The woolly aphids produce copious quantities of honeydew as a by-product of tapping into phloem vessels to extract sap. The honeydew rains down onto lower leaves and stems as well as anything else positioned beneath an infested tree. The sweet sticky goo is commonly colonized by black sooty molds further degrading the aesthetic value of heavily infested trees and their immediate surroundings.



The woolly apple aphid is not considered an outright elm tree killer. However, some historical reports note that heavily infested young trees that are planted on poor sites may become more susceptible to other problems by the combination of leaf damage coupled with early-season sap loss.




The new crop of aphids that develop in the American elm leaf rosettes migrate to a rosaceous host in the summer. However, as noted above, American elms are not required for the aphids to present a continued threat to apples. This has been observed in Belgian apple orchards where there are no American elms present in the region.


Woolly elm aphids cause new leaves to roll along one edge with the tissue becoming swollen to form a gall-like structure which is sometimes referred to as a "pseudo-gall." The woolly aphids reside and feed within the rolled structure.




Although the damage may appear unsightly, records indicate that the woolly elm aphids seldom cause enough damage to affect the overall health of the host tree. The aphid alternates between a spring leaf-feeding generation on American elm and a summer root-feeding generation on Amelanchier spp.



We’re Not Going to Take It

Biological and Chemical Management Options: Populations of these native aphids tend to be effectively regulated naturally by the “3 – Ps”:  Predators, Parasitoids, and Pathogens. It’s common to find lacewing and syrphid (hover) fly larvae and lady beetle adults and larvae lurking within the aphid colonies, wolves among sheep. The native parasitoid wasp Aphelinus mali has a targeted taste for woolly apple aphids and has been exported to other countries to suppress this apple pest. In fact, by the time we notice the aphids, the 3-Ps are usually already on the job.
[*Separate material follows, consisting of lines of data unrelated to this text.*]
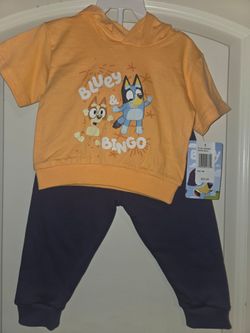 Bluey 2-Piece Fleece Hoodie and Jogger Set Cream Tan Size 18M NWT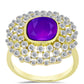 Goldplattierter Silberring mit lila Achat und weißem Topas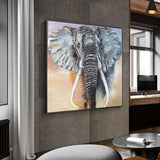 Hand Painted African Animal Oil Painting Canvas Black Elephant Paintings Modern Abstract Wall Art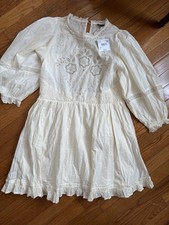 American Eagle Outfitters Ivory Floral Mini Dress Eyelet Embroidered XS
Using insecticides to manage these aphids is problematic because the aphids are located within distorted leaves which places them out of the reach of topical insecticides including insecticidal soaps or horticultural oils. I could find no efficacy data on systemic insecticides but suspect they may provide relief if applications are made with enough lead time for toxic levels to develop within the leaves. The translaminar activity of abamectin (e.g. Avid) may also allow this active ingredient to reach the aphids.


Management by Host Preference: The rise and fall, then rise again of American elm has been remarkable. Along the way, we've picked up a smorgasbord of genetic variations aimed at thwarting Dutch elm disease. These include selections of American elm; selections of non-native elms; and a mix and match of hybrids produced from parents drawn from North America, Europe, and Asia.


Dan Potter and Carl Redmond, working in the University of Kentucky, Department of Entomology, used elms planted in Lexington, KY, as part of the National Elm Trial to assess host preferences for an impressive range of potential elm pests including the woolly and cockscomb aphids. You can access their full 2013 publication titled, "Relative Resistance or Susceptibility of Landscape-suitable Elms (Ulmus spp.) to Multiple Insect Pests," by clicking this hotlink:


The Kentucky researchers found that the woolly elm aphid is selective for Ulmus americana, but all cultivars were not equal. 'Princeton' was the most susceptible followed by 'Valley Forge', 'Jefferson', and 'New Harmony'. 'Lewis and Clark Prairie Expedition' was not infested. None of the Asian elms or hybrids involving Asian or European heritage were affected.


They also observed that the woolly apple aphid was highly selective for American elm and none of the Asian elms or hybrids involving Asian or European heritage were affected. But again, all American elm cultivars were not equal. 'Princeton' was the most susceptible followed closely by 'Jefferson'. 'Valley Forge' and 'New Harmony' had minor infestations and 'Lewis and Clark Prairie Expedition' was not infested.